THE TASK: Leave out the pictures and set down the rest of the listing below word for word.

====== INFORMATION SUPPLIED ======

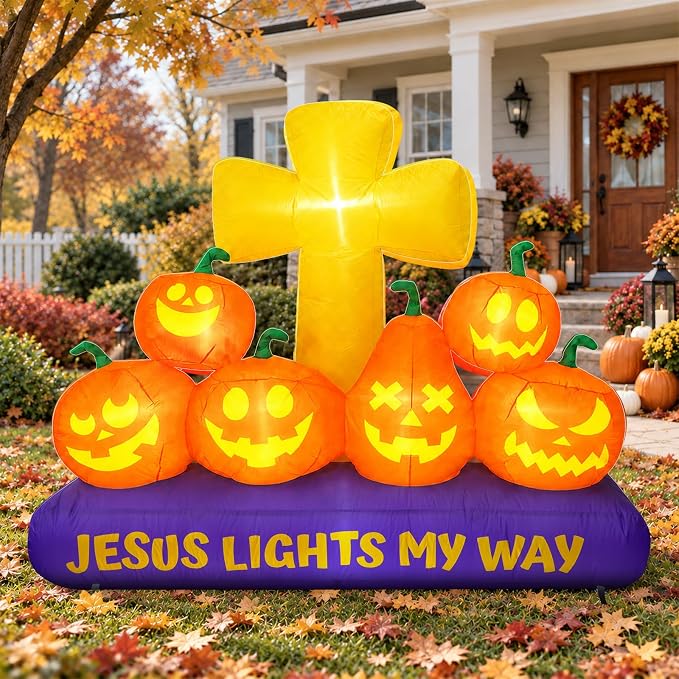 6.3Ft Halloween Inflatable Cross with Pumpkins LED Christian Decoration - skull inflatable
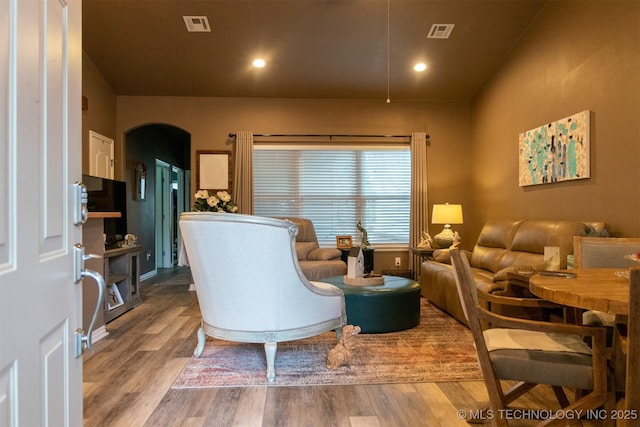 living room featuring hardwood / wood-style flooring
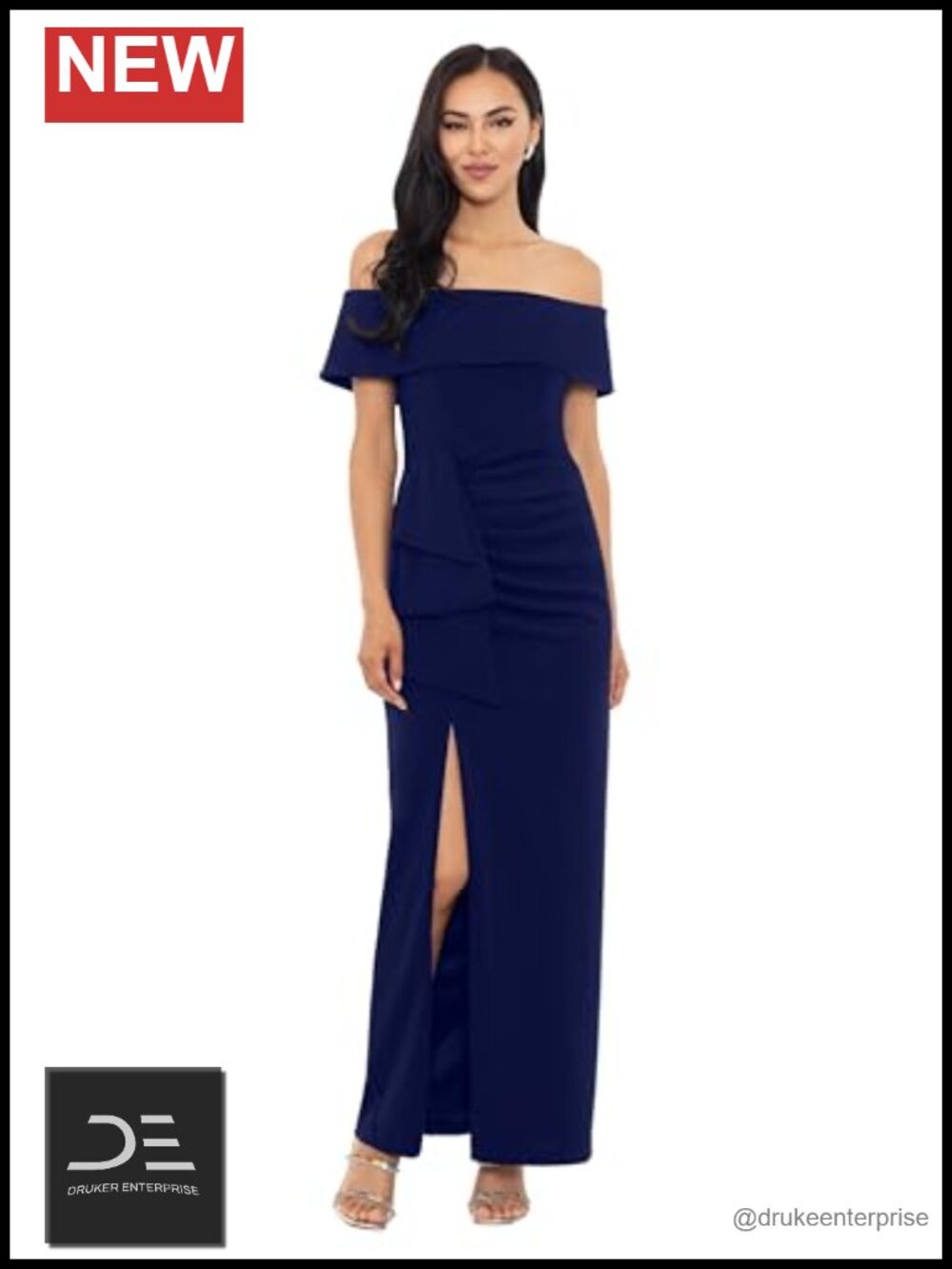 Off Shoulder Scuba Crepe Slit Formal Sheath Dress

======

WRITTEN ANSWER:
 6.3Ft Halloween Inflatable Cross with Pumpkins LED Christian Decoration - skull inflatable
 living room featuring hardwood / wood-style flooring
 Off Shoulder Scuba Crepe Slit Formal Sheath Dress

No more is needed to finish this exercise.